Aim of the task: Copy out again, unchanged, the listing below from the line that has "after IPL heroics" through the line that has "655 Lock 4 Rd, Gallatin, TN 37066".

Data in this exercise:
○ ○ ○

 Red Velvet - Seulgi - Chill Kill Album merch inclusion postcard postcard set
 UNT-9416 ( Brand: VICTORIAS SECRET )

○ ○ ○

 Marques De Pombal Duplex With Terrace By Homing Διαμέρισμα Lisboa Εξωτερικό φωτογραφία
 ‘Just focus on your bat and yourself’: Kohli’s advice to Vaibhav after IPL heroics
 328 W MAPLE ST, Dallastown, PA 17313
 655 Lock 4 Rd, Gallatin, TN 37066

○ ○ ○

Result:
 ‘Just focus on your bat and yourself’: Kohli’s advice to Vaibhav after IPL heroics
 328 W MAPLE ST, Dallastown, PA 17313
 655 Lock 4 Rd, Gallatin, TN 37066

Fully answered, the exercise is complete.